WHAT YOU WILL DO
Print the listing below exactly, images excluded.

DATA BLOCK
== == ==

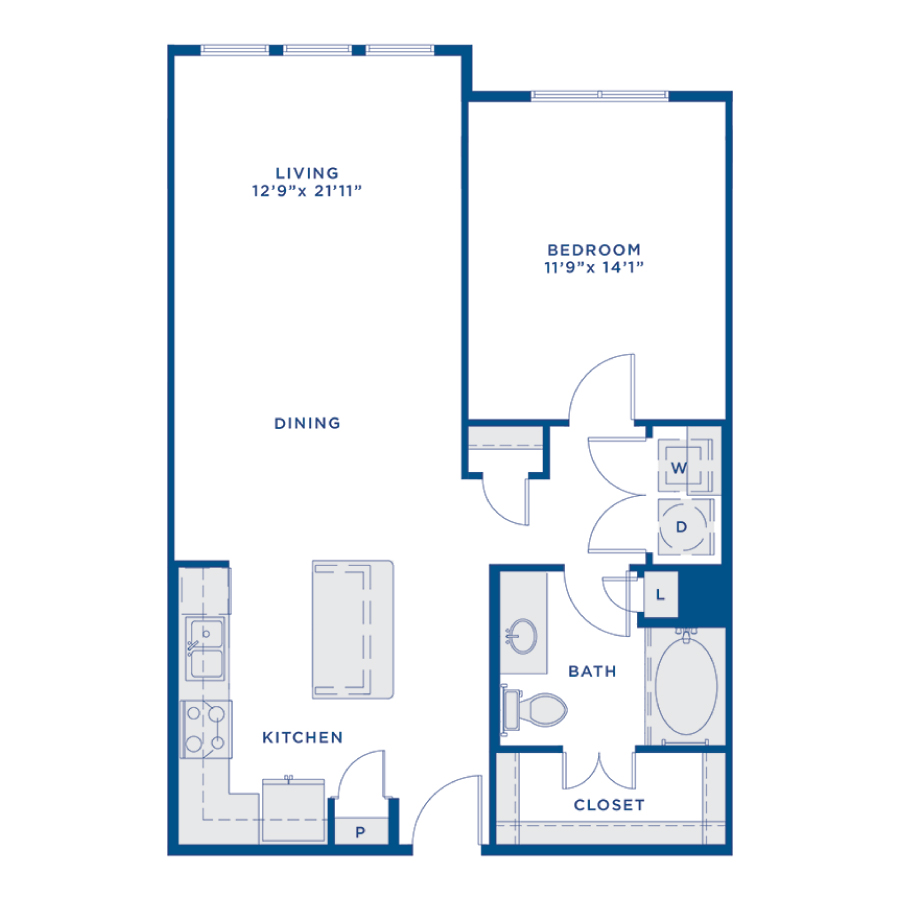 A2 floorplan layout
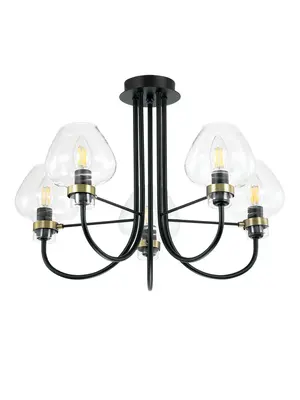 Потолочная люстра Lumion Ilona 3708/5C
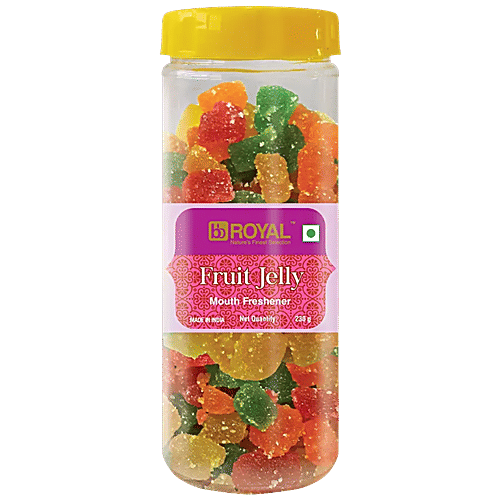 bb Royal Fruit Jelly Mouth Freshener, 230 g  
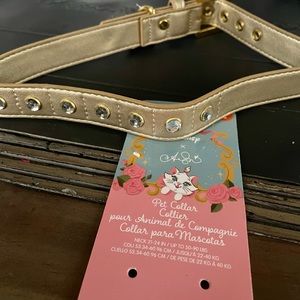 Disney Aristocats large dog collar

== == ==

YOUR RESPONSE
 A2 floorplan layout
 Потолочная люстра Lumion Ilona 3708/5C
 bb Royal Fruit Jelly Mouth Freshener, 230 g  
 Disney Aristocats large dog collar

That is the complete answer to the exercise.